Chi Nguyen, a third-year journalism student who has volunteered for The Eyeopener in the past, was mistakenly awarded $1,350 in December 2007. After discovering the mix-up a month later, the school charged the money to her RAMSS account. By then, Nguyen had already put the cash towards her tuition.
Now Nguyen is saddled with a $1,350 debt on top of tuition. She worries the outstanding money will stop her from graduating on time.
“I feel so defeated at this point,” said Nguyen. “The school admitted it was their mistake then washed their hands of responsibility.”
Nguyen, who is on OSAP and works 30 hours a week as a barista to pay rent, cannot recover the award money. School administration recommended she try to win the money back by applying for scholarships, Nguyen said.
“But it doesn’t make sense to me,” she said. “Even if I won a scholarship, why should I pay for Ryerson’s mistake?”

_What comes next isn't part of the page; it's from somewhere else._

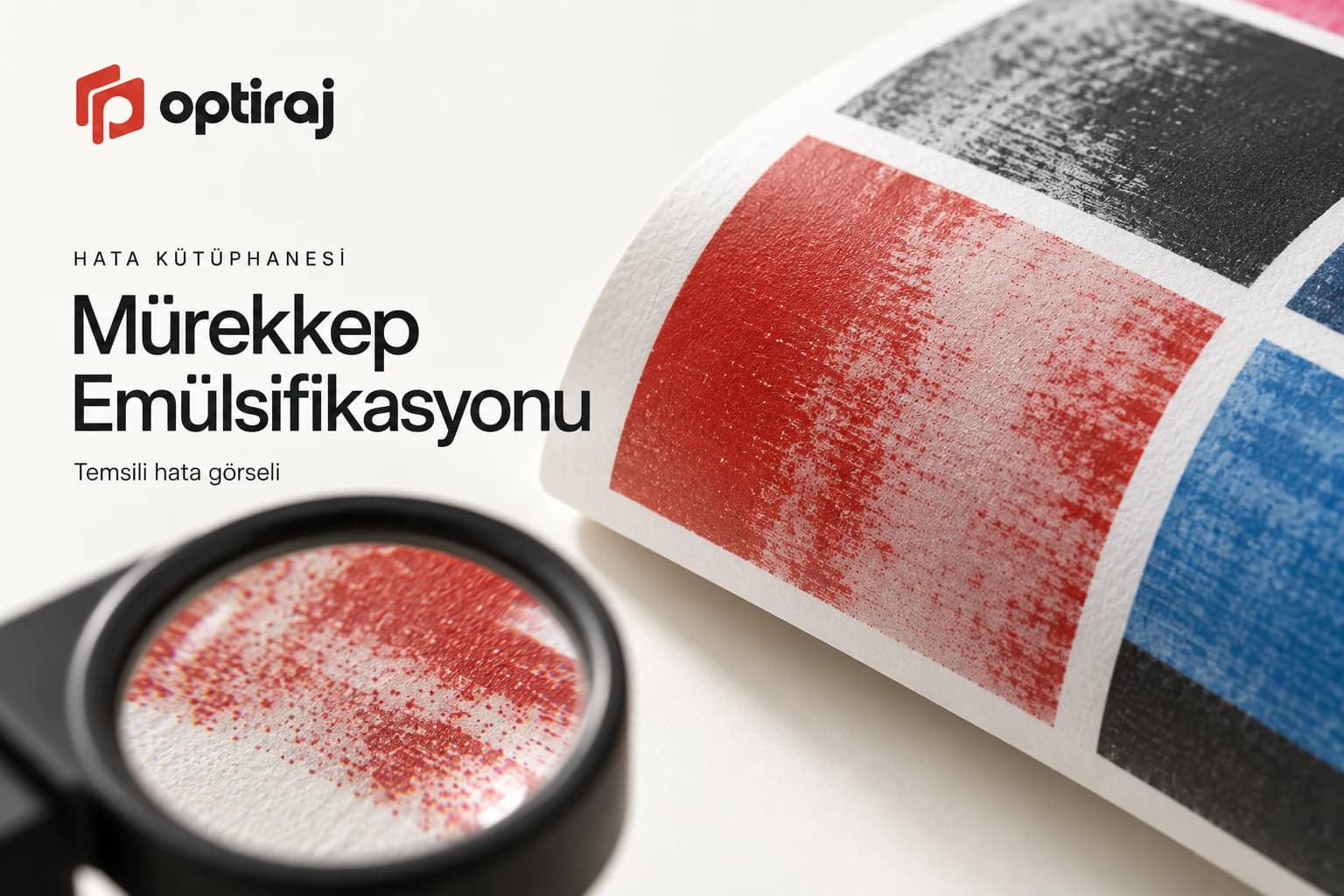Mürekkep Emülsifikasyonu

Due to the mix-up, there’s been an administrative hold placed on Nguyen’s RAMSS account, making class enrolment difficult.

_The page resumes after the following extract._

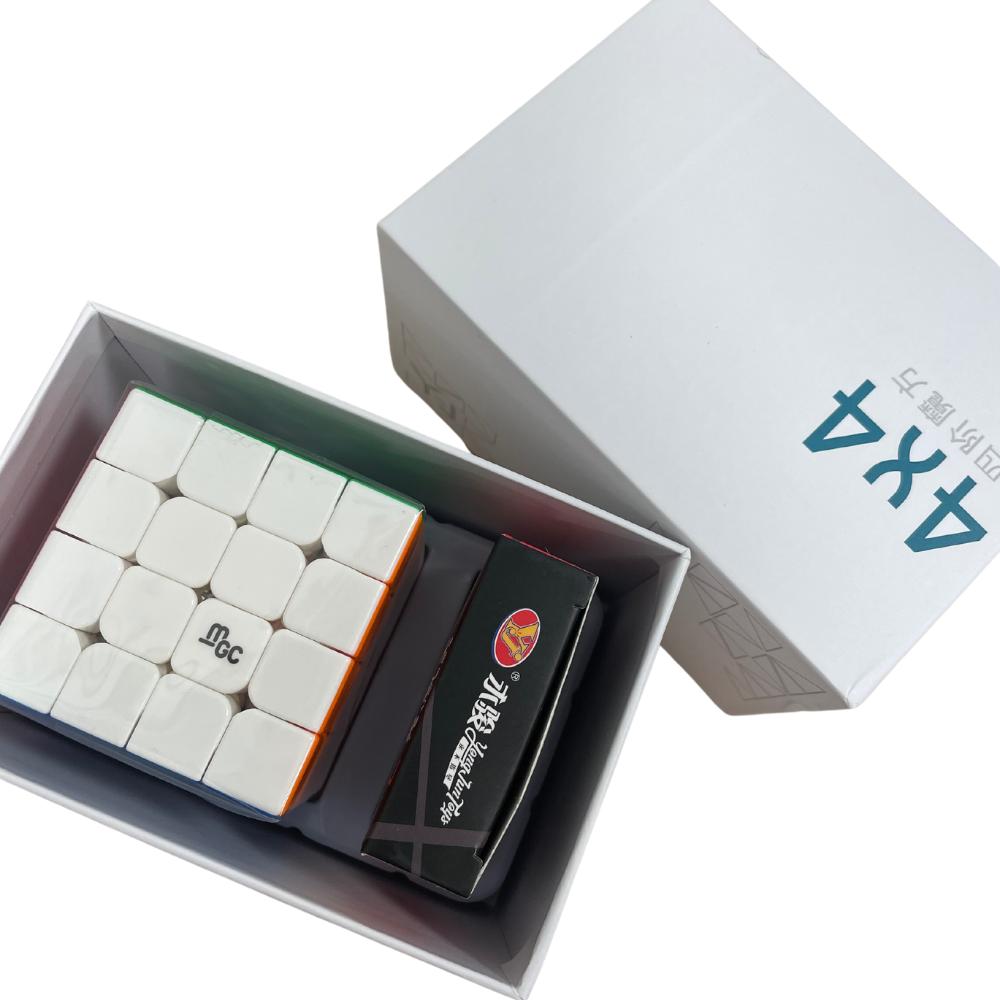 4x4x4 Puzzle Cube, Universal, Adjustable, Gift Idea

Attempting to lose the debt, she’s contacted Ryerson’s ombudsperson and employees at the financial assistance office. Her calls to the financial assistance office haven’t been successful.
Carole Scrase, student financial assistance manager, did not return interview requests by press time.
Rebecca Rose, the Ryerson Students’ Union’s VP education, encourages Nguyen to seek help with the RSU’s advocacy coordinator and free lawyer.
“I don’t think it’s fair for the school to make her pay for their mistake,” she said. “I’m sure our resources would love to speak with her.”
Over a year ago, former RSU president Nora Loreto asked the university to let Nguyen keep the money. She still believes Nguyen has a case.
“Sure, the school gave her options — but all of them involved repayment,” Loreto said.